I was able to completely unblock myself by upgrading the operator to 0.8.1 first, deleting the DatadogAgent deployment, and THEN redeploying the v1alpha1 spec after upgrading to 0.8.6.
also curious about this
To clarify testing on another cluster from 7.10. I did some more thorough testing, I wasn't able to upgrade straight to 0.8.6 even after deleting the datadogagents resource.

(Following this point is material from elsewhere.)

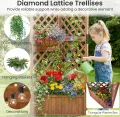HOMASIS Blumenkasten mit Rankgitter, 140cm Hochbeet Holz, Eck Pflanzkasten mit Spalier & Drainageloch, Gartenspalier für Kletterpflanzen, Pflanzkübel mit Rankhilfe für Balkon Garten Terrasse (Braun) - Thumbnail 7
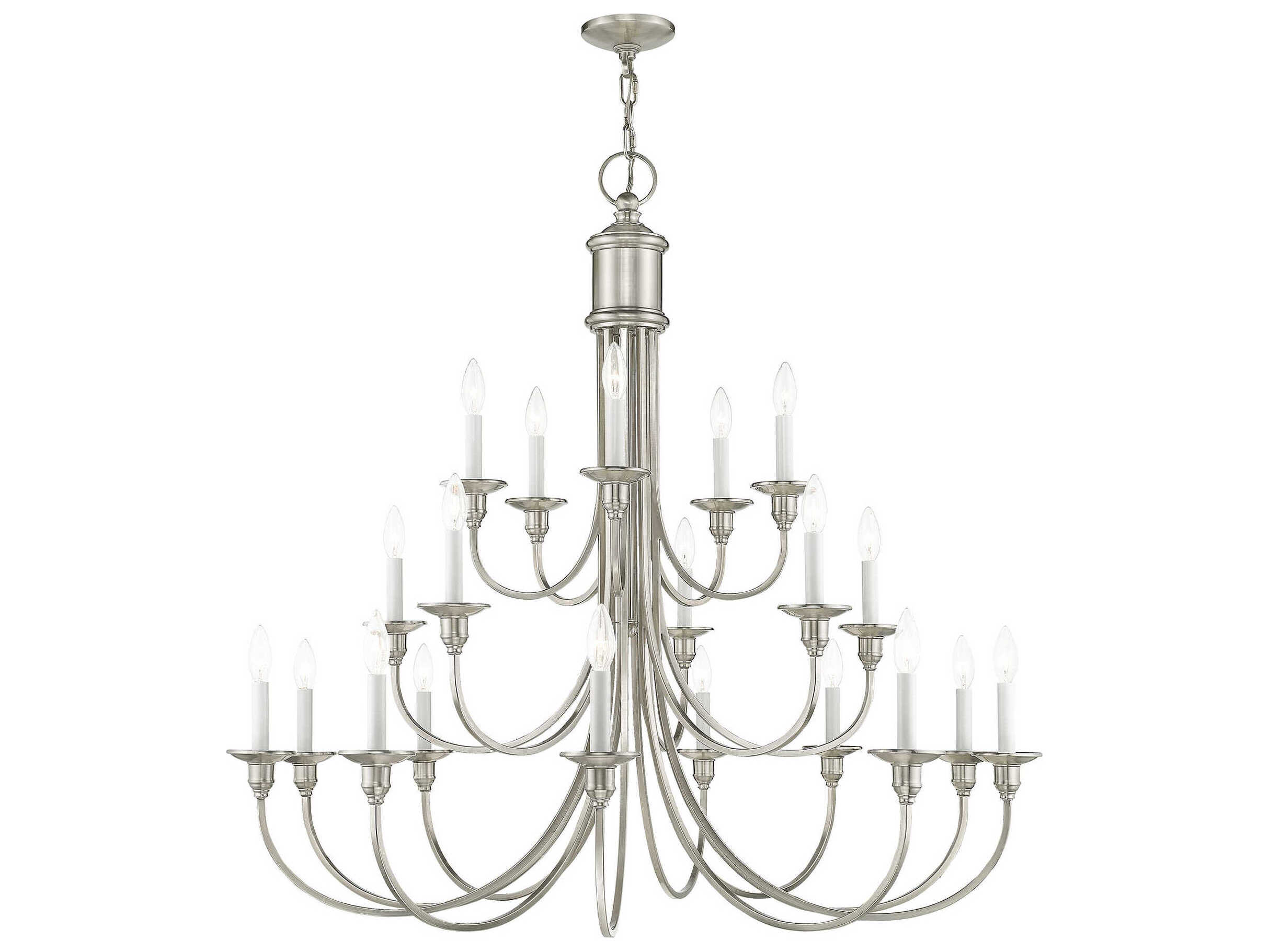 Livex Lighting Cranford 20-Light Brushed Nickel Candelabra Tiered Chandelier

I stepped down each version until I was able to upgrade to 0.8.3 which then allowed me to apply 0.8.6
0.8.4 & 0.8.5 error differs from the straight 0.8.6 error:
│ Error: template: datadog-operator/charts/datadog-crds/templates/datadoghq.com_datadogmonitors_v1beta1.yaml:1:41: executing "datadog-operator/charts/datadog-crds/templates/datadoghq.com_datadogmonitors_v1beta1.yaml" at <semverCompare "<=21" .Capabilities.KubeVersion.Minor>: error calling semverCompare: Invalid Semantic Version
│
│   with module.datadog-operator[0].helm_release.datadog-operator,
│   on modules/datadog-operator/main.tf line 62, in resource "helm_release" "datadog-operator":
│   62: resource "helm_release" "datadog-operator" {
│
@GenPage So when i tried to upgrade from 0.8.0 to 0.8.6 i got this error
Helm install failed: template: datadog-operator/charts/datadog-crds/templates/datadoghq.com_datadogmonitors_v1beta1.yaml:1:41: executing "datadog-operator/charts/datadog-crds/templates/datadoghq.com_datadogmonitors_v1beta1.yaml" at <semverCompare "<21" .Capabilities.KubeVersion.Minor>: error calling semverCompare: Invalid Semantic Version
So if i understand upgrading from 0.8.0 to 0.8.3 should be fine and once thats done i can upgrade to 0.8.6
Is that the upgrade path i should try..Also do i still need to delete anything seperately?
Yes, that's how I was able to get Helm to apply successfully. I did not delete anything.
Hello, sorry for not getting to the issue on time. Operator v0.x is no longer supported and we recommend migrating to most recent version of v1.x.
Please open a new issue if there is anything blocking migration or you experience same issue in v1.x.